Image-text web data
....

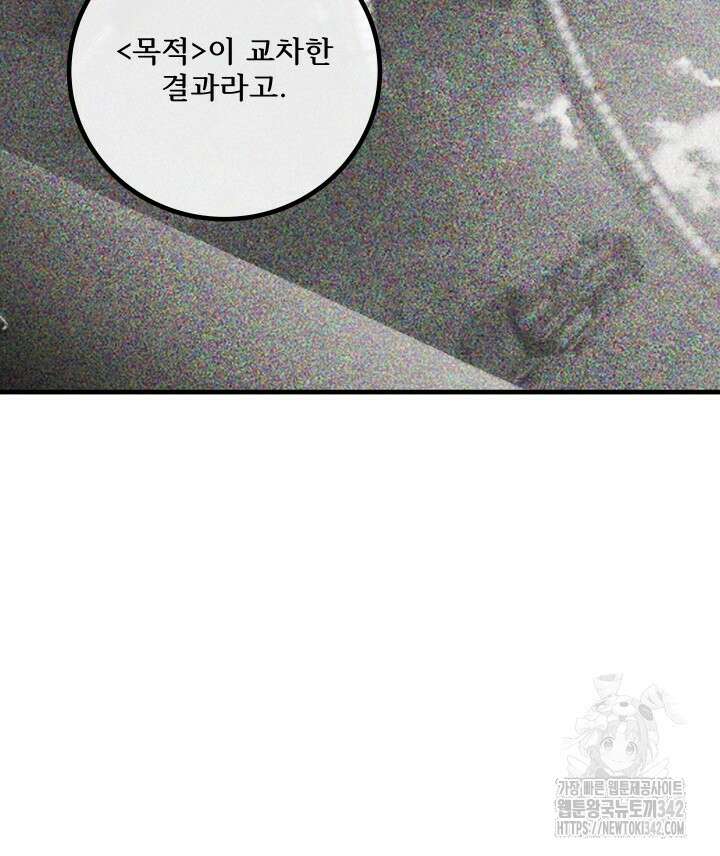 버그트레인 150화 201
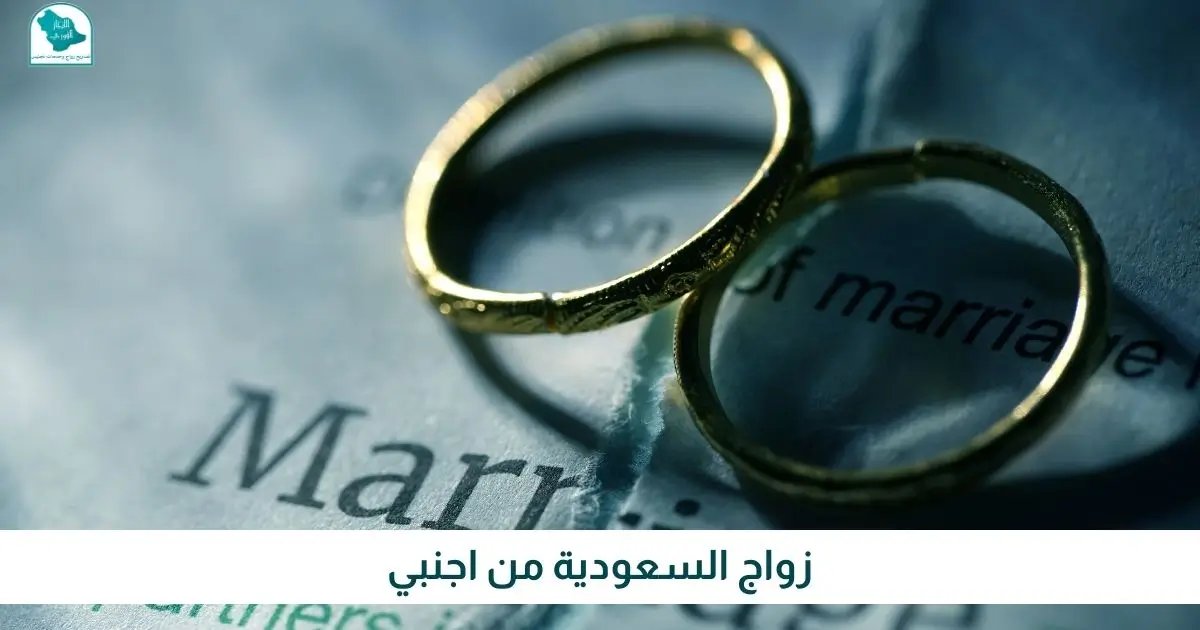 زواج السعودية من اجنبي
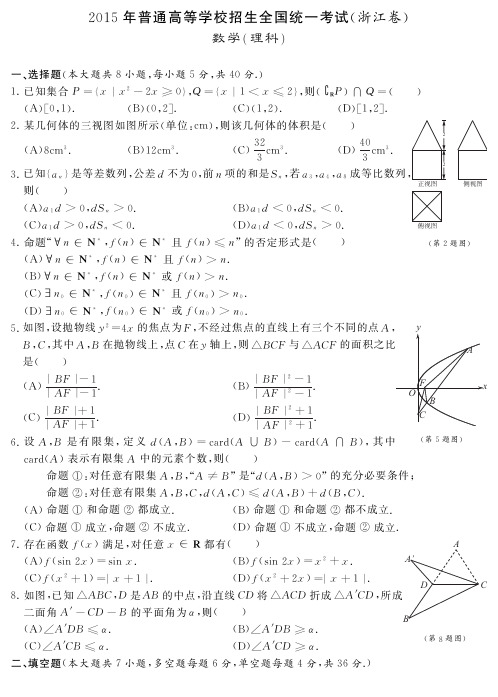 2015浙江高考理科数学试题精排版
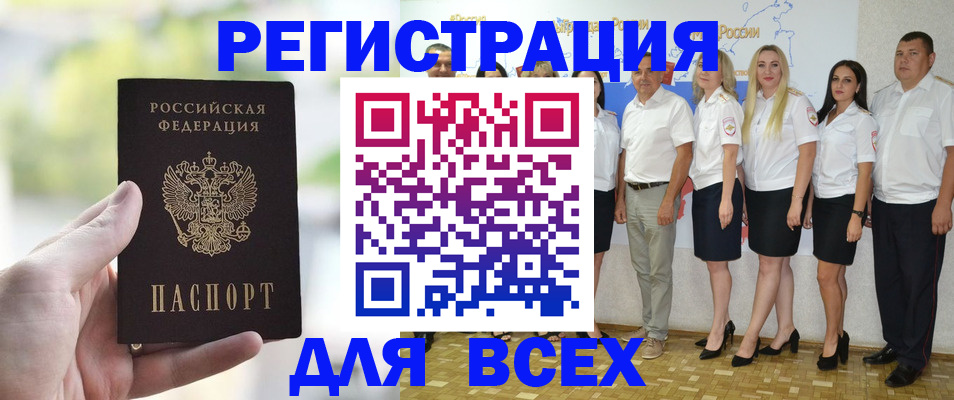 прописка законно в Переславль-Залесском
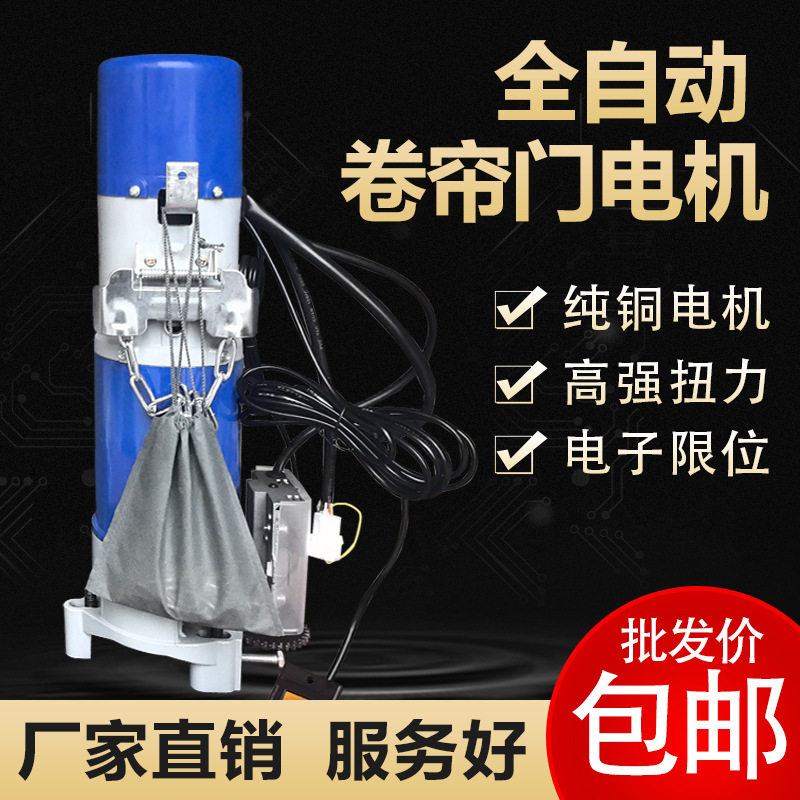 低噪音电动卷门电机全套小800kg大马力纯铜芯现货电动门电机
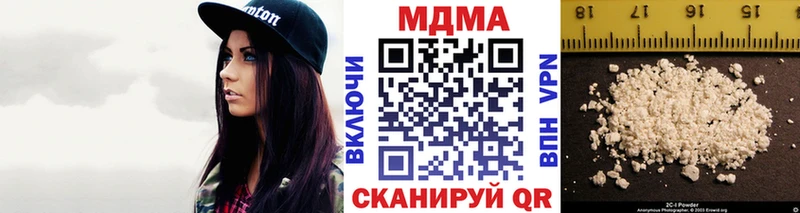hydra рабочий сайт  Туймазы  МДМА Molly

....

**ASSIGNED TASK**
Omit the pictures, and please restate word for word the lines running from the line with "زواج السعودية من اجنبي" to the end of the entries.

**ANSWER**
 زواج السعودية من اجنبي
 2015浙江高考理科数学试题精排版
 прописка законно в Переславль-Залесском
 低噪音电动卷门电机全套小800kg大马力纯铜芯现货电动门电机
hydra рабочий сайт  Туймазы  МДМА Molly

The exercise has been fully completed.